The shades were concealing the very real panic coursing through Gosling.
"Ryan had to put sunglasses on during that stunt because he was so scared. He was worried you'd see the whites of his eyes," says Emily Blunt, who plays his ex turned love interest Jody Moreno.
"You could hear a pin drop. I was very scared watching you do that."
The movie is loosely adapted from the '80s hit show "The Fall Guy," in which Lee Majors played Colt, a stuntman and a bounty hunter, and Heather Thomas was Jody Banks, a fellow stunt performer. The parallels between the movie (directed by David Leitch, a former stuntman himself) and the TV series more or less end there.
Leitch's "The Fall Guy" is an all-gas, no-brakes action film interwoven with a love story between Colt and Jody. But wait, there's also a ridiculous sci-fi film-within-a-film that Jody's directing and a dash of thriller as a murder is uncovered. It was a lot to accomplish − certainly more than what Gosling could do by himself.
Though Blunt, 41, did all of her own stunts, "it took, like, five stunt guys to make one fall guy," Gosling says.
Thankfully for Gosling, 43, his stunt doubles subbed in for him as Colt is set on fire (the work of Ben Jenkin), falls 150 feet from a helicopter (that's second-generation stunt guy Troy Brown) and rolls a car 8½ times on a beach. This cannon-roll stunt, performed by seasoned stunt driver Logan Holladay, broke a Guinness World Record. And Justin Eaton made Gosling look like a martial arts expert.
Gosling, who has had a stunt double "for most of my life," hails stunt performers as the "unsung heroes" of cinema.
"They do all this really dangerous, amazing stuff. They kind of come in and risk everything and then disappear. If they do their job well, you never know that they were there," he says. "It's just so messed up that they don't get the credit that they deserve."
At one point, Colt is deep in his feelings as he worries about Jody's extreme reaction to his unexpected return from a self-imposed exile.
In a scene that was teased during a Super Bowl commercial, Colt silently sits in a car, cloaked in darkness as he mouths the words to the beloved Taylor Swift track "All Too Well."
With Gosling recently showing off his vocal chops in "Barbie," on the Oscars stage and during a "Saturday Night Live" "All Too Well" parody with Blunt, it's notable that he abstains from breaking out in song. Why was that?
"I think he knows every line," Blunt says. But "you can't out-Swift Swift."
"You don't even want to try. He's not an idiot," Gosling says. "I think she was voicing his (feelings), you know. She had the words that he couldn't say. ... And he was so grateful in that moment."

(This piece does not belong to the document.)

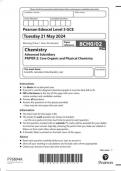 Pearson Edexcel Level 3 GCE 8CH0/02 Chemistry Advanced Subsidiary PAPER 2 Core Organic and Physical Chemistry June 2024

Adds Blunt: "She has the words for all of our broken souls. That's the truth. I think Colt's a die-hard Taylor Swift fan, right?"
Making the film required Blunt and Gosling to travel to Sydney, where it was summer while North America was in winter − which was not a coincidence.
"It was great to escape the New York winter. I was delighted," Blunt says.
"We were supposed to shoot the film somewhere else. I won't say where, but it didn't seem like it would be as fun for my kids," says Gosling, who's one of the film's producers. "We all had a conversation about where it would be, and Australia was the perfect place."
He adds, "I've been lucky enough to have my my family come with me on every film I've made so far."
Gosling and Eva Mendes have two daughters, 9-year-old Esmeralda and 8-year-old Amada. Blunt and her husband, John Krasinski, also share two daughters: 10-year-old Hazel and 7-year-old Violet.
"Both our families were with us, so that obviously is essential if you're that far away. And it made it so much more effortless to be able to go to work knowing that we were all together," Blunt says. "It was wonderful. I didn't feel I had to juggle (work and parenting), thank God."
The ambitious action scenes in "The Fall Guy" are made all the more dramatic by the fact that they take place at some of Australia's most famous sights, including the Sydney Opera House and Sydney Harbour Bridge. Both venues had to be temporarily closed so Gosling and Blunt could film otherworldly fight scenes and heart-pounding car chases.
Shutting down the bridge was a bit of a full-circle moment for Gosling.
"I had been there 20 years earlier or something and climbed the bridge with my mom. And then got dragged across it this time," he says. "So I've had a really interesting relationship with that bridge.
"One of these days I'll just drive across it."